Among its many provocations, the work of J. Mayer H. Architects suggests that we might interrogate the legacy and contemporary relevance of the architectural production of the nineteen-seventies differently, self-consciously, to other ends. In a recent conversation with Bostjan Vuga, Jürgen Mayer H. noted of that period: "there was serious excitement about technology and culture. There was hope about the future. Yet it was not uncritical. We questioned hierarchies of power, information and control." If architects in the seventies had attempted to engage potentials inherent within technology -the utopian aspects of which, as Mayer H. noted, were often inextricable from their dystopian counterparts- it is important to recall that the technologies capturing architects' imaginations at the time were quite distinct from those that had informed high Modernism. Under the impact of cybernetics, computerization, and the "third machine age," modes of production and their material substrates were no longer, strictly speaking, industrial: if not fully eclipsed by postindustrial counterparts, they had nonetheless become a complex mélange.

As evidenced in the work of experimental architects -from Archigram and Cedric Price to Hans Hollein, Haus Rucker Co., Arata Isozaki, Ant Farm, and others- this historical transformation in the technological environment posed not only material and formal challenges to architects but also, and importantly, conceptual, programmatic, and organizational ones. And by the early seventies, if not before, many had begun to recognize the discipline's role in giving material and spatial form to, even institutionalizing the apparatuses of, emergent techniques of power and control. (1) Mayer H. perhaps pointed to a contemporary version of this implicit shift away from formal and semantic concerns and towards questioning "hierarchies of power, information and control" when he added to the previously cited remark: "I think the same happens today. Today we look into fluid conditions, flexibilities and horizontal organizational structures." (2)


Here and following: security letters with data protection patterns.

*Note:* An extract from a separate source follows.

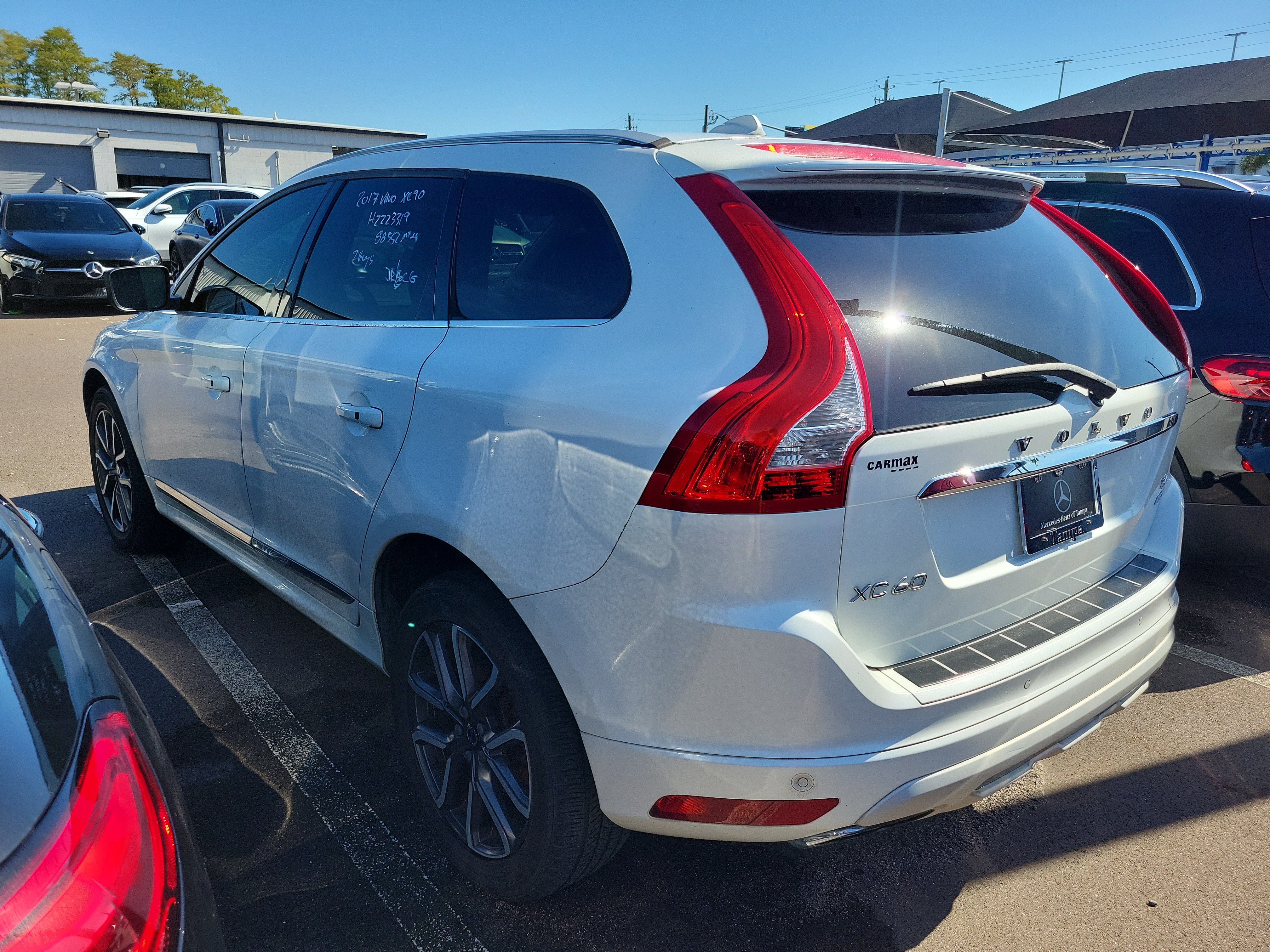Used 2017 Volvo XC60 T6 Dynamic w/ Advanced Package AWD/4WD image 4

Vuga returned later in the interview to the question of J. Mayer H.'s invocation of the seventies, referring to the office's "retro reference." To Vuga, those references risked falling into the trap of a stylistic, even fashionable, retrieval of seventies aesthetics. "Today," he remarked, "round corners, floor-wall-ceiling, continuous surfaces, soft edges, etc., are already the safe, approved and likely to be accepted derivatives of those years," to which he added that "of course, one can argue that there are still some gaps in the architectural language of the seventies to be discovered..." Mayer H. had earlier mentioned chamfered corners and other forms of surface continuity, and we can certainly identify such formal operations in many of his recent built works -for example, in Corridor; Mensa Moltke, Karlsruhe; and Villa Familie Max Maier- as well as in his revisiting of Supergraphics -for instance, in In Heat and again in Housewarming My Home. Yet, I want to suggest that this is perhaps not the register in which the office's work most evidently delaminates the dreams and nightmares of the seventies, particularly the period's anxieties regarding architecture's fate within ever-expanding information ecologies. Vuga was, of course, entirely warranted in raising the problematic nature of a "retro-reference" methodology. Such an approach would indeed suffer from a real inefficacy in any attempt to engage historical contingencies or specificities, which would form the very matrix of a possible social and political response.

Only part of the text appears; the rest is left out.